I used that cam, mostly the Melling version, and Rhoads lifters, with 1.5 rockers, in most all my 455 bracket engines. I always used a Mr. Gasket 2 degree(4 crank degrees) advance key, to make up for timing chain stretch, which happens almost immediately, during or after break-in. Most double roller timing sets have a 4 degree advance keyway. But, I used a TRW stock type set, which had no advance keyway. 

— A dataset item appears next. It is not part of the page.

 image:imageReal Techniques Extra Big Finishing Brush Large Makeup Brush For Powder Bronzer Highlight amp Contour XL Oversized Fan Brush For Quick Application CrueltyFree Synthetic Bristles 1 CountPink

I was just assuming that the cam had the keyway in the correct location. But nowadays, most everybody says it's a MUST to carefully "degree in" the cam. I never had the correct equipment or the knowhow to do that. So, me and most other low buck shade tree mechanics just assumed the keyways were correct, and installed accordingly. I reckin my cams were pretty close, since the engines seemed to idle good, run good, make plenty of torque and power, and win races. :smile3:

I'm not recommending, or even suggesting that anybody should do what I did. But, it worked OK for me. 

There is lots of online info on cam degreeing. And there are probably several here who can explain it to you. But, to me, it's not a real simple operation, and requires the correct knowledge and tools.

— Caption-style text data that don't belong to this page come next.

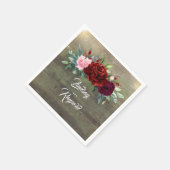 Rustiek Land Bourgondië Rode Bloemen Bruiloft Servet (Hoek)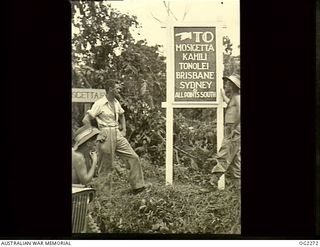 NEAR TOROKINA, BOUGAINVILLE ISLAND, SOLOMON ISLANDS. C. 1945-02-23. 118510 LEADING AIRCRAFTMAN (LAC) S. K. SMITH, NORTH MELBOURNE, VIC, 88789 LAC L. WILLIAMS, SCOTTSDALE, TAS, AND 14733 CORPORAL L. ..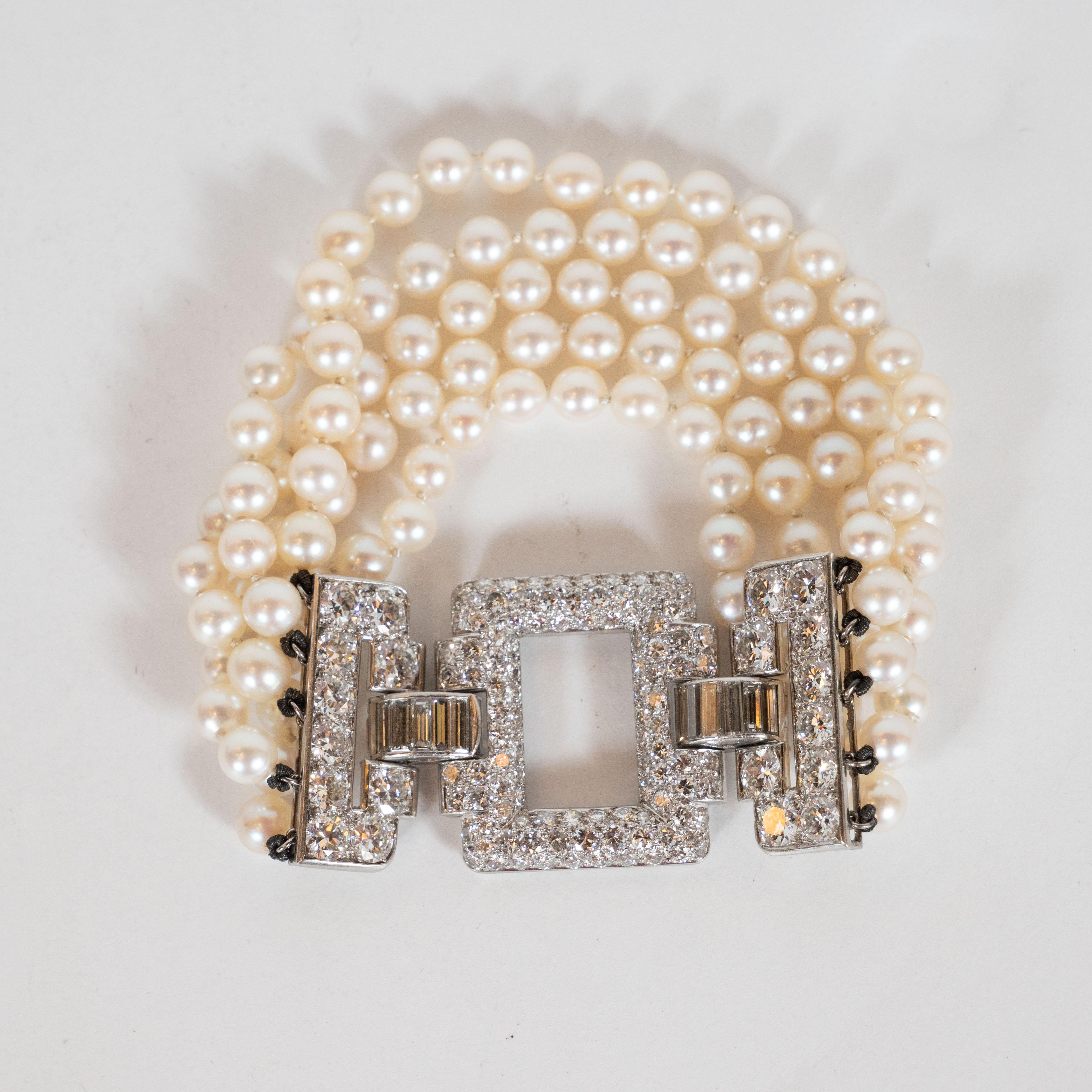 Women's Art Deco Platinum, White Diamond and Cultured Pearl Strand Bracelet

Just a word to the wise. You may already know this, but that engine makes enuff torque to break the intermediate sprag in a TH400 trans. My 455's broke 2 of 'em. You must have one of the 34 element int sprags, or you'll shift to 2nd one day, and there won't be any 2nd. 

I also broke an 8.2 rear end with one of my 455's. You can take a chance & see how long it will last. We got several races out of the one that broke. But, when it broke, it oiled down the track, just past the starting line, and made all the other racers mad. 

I switched to a 12-bolt in all my bracket cars, and never had any more rear end problems. Today the 12-bolts are not cheap, like they were back then. If you can't find one for a reasonable price, you might look for an 8.5 out of an early '70's Olds or Buick. But, those are sorta hard to find also. pinion head can tell you all about the rear ends. 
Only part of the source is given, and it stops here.